- Problem Statement
- Data
- Used Libraries and Resources
- Data Preprocessing
- Bert Tokenizer
- Fine Tune BERT Transformer
- Make Predictions
- Demo
- Bug and Feature Request
- Future scope of project
Question Answering (QnA) model is one of the very basic systems of Natural Language Processing. In QnA, the Machine Learning based system generates answers from the knowledge base or text paragraphs for the questions posed as input. Various machine learning methods can be implemented to build Question Answering systems. Using Natural Language Processing, we can achieve this objective. NLP helps the system to identify and understand the meaning of any sentences with proper contexts. In this project I am going to fine-tune the BERT Transformer which will take a context and a question as input, process the context and prepare the answer from it.

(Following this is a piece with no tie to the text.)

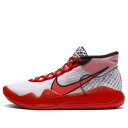 Nike ナイキ メンズ スニーカー 【Nike x YouTube KD 12 'Red White' CQ7731-900】 サイズ US_8.5(26.5cm)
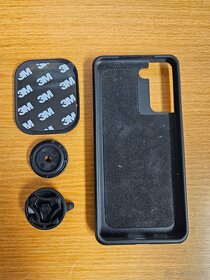 Pouzdro SP CONNECT na Samsung S21 - 2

Data Source : Stanford Question Answering Dataset (SQuAD) is a reading comprehension dataset on HuggingFace, consisting of questions posed by crowdworkers on a set of Wikipedia articles, where the answer to every question is a segment of text, or span, from the corresponding reading passage, or the question might be unanswerable.
Python Version : 3.9
Libraries : transformers (huggingface), happytransformer
References : https://towardsdatascience.com/, https://machinelearningmastery.com/
I Preprocessed this data with the following steps:
- The features are : 1. the question (string), the context(string). The target/label should be the index(position) where the answers in the context string starts and the index(position) in the context string where the answer ends. We assume that the answer is a substring of context string. If the data is not in this kind of format we should preprocess it to this type of features and labels (dictionary). The data must be in a dictionary format where the keys are the question, context, start_index, end_index. The method prepare_data is needed for this step. Note : In the dataset, we are given the starting index and the answer. We assume that the answer is substring of context string.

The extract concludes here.